Counting aloud has a wonderful way of sharpening the focus and bringing awareness to dancers, as well as musicians. It is then that they can fully participate and become one with the music. Try it, whether you are learning to dance or learning to play a musical instrument. You might just be surprised at what you can do.

Transcending Right and Wrong

Do you recall being a student and always looking for the right answer to please the teacher? All of your effort was put towards finding the right answer. If you had the right answer, everything was good. If you had the wrong answer, you failed. Sound familiar?

In music lessons, there are only a few places where something is simply right or wrong. They are:

1. Notes
2. Rhythm

Music, however, is not found in notes and rhythm alone. It is found in the interpretation of those notes and rhythm, and that is where there is no one right answer.

As a student, it’s easy to get caught up in the notes and rhythm, and once you master them you think you’re done. Great musicians, however, take it a step further. Now that they can play the notes and rhythm with ease, they ask themselves, “What is the composer trying to say?” The articulation and dynamics come into play. Exactly how short is that staccato? Exactly how loud is that loud? When is it too much or not enough?

This is where it helps to be a human being with life experience. A rich life experience will give you more options on how to bring the music to life. Anyone can learn to play notes and rhythm, but it takes careful attention to detail, as well as experience in the full range of human emotion to bring a piece of music to life.
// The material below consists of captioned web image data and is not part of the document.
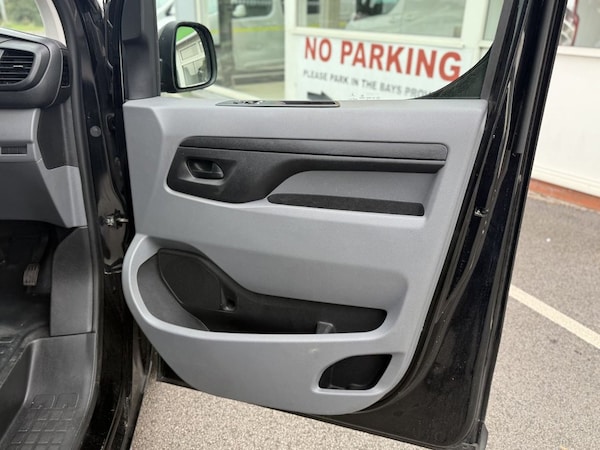 Used Vauxhall Vivaro 2022 for sale - 76118931: Photo 22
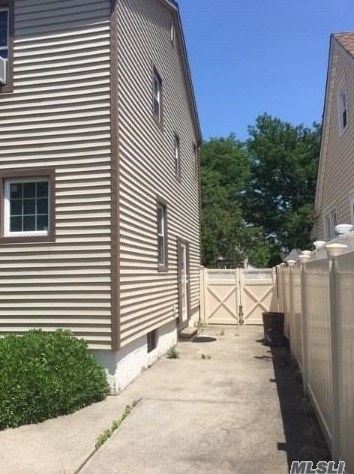 84-44 252nd St, Jamaica, NY 11426-2610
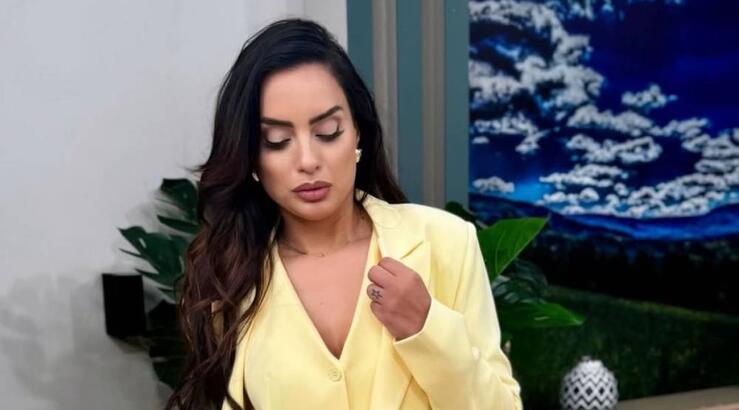 Η Ιακωβίδου για το τηλεοπτικό της μέλλον: «Υπάρχει μία σύγχυση γιατί πρέπει να το αποφασίσουμε από κοινού με τον Τζώνη»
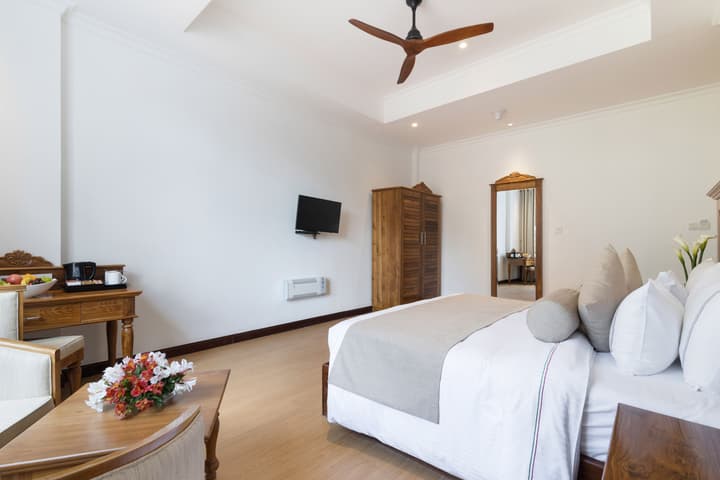 Araliya Red - Budget friendly Hotel- Where you find stunning 360 panoramic view of Nuwara Eliya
As a teacher, yes, I will correct students on notes and rhythm. However, when it comes to interpretation, I will show you how to go about deciding how to interpret a piece. There is no right or wrong answer, and oftentimes there are more questions than answers. This is the beauty of music. It is so much more than right and wrong. It is the audible expression of the full human experience, and what it means to be alive.